■ EXERCISE AIM:
Quote each record exactly, please, leaving none out.

■ Web page caption snippets:
────────────────────

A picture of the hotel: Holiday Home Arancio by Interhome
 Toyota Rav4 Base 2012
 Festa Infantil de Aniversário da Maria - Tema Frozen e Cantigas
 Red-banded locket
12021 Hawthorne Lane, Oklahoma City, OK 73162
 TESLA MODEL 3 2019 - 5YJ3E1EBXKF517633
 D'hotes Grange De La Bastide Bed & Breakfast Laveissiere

────────────────────

■ OUTPUT BELOW:
A picture of the hotel: Holiday Home Arancio by Interhome
 Toyota Rav4 Base 2012
 Festa Infantil de Aniversário da Maria - Tema Frozen e Cantigas
 Red-banded locket
12021 Hawthorne Lane, Oklahoma City, OK 73162
 TESLA MODEL 3 2019 - 5YJ3E1EBXKF517633
 D'hotes Grange De La Bastide Bed & Breakfast Laveissiere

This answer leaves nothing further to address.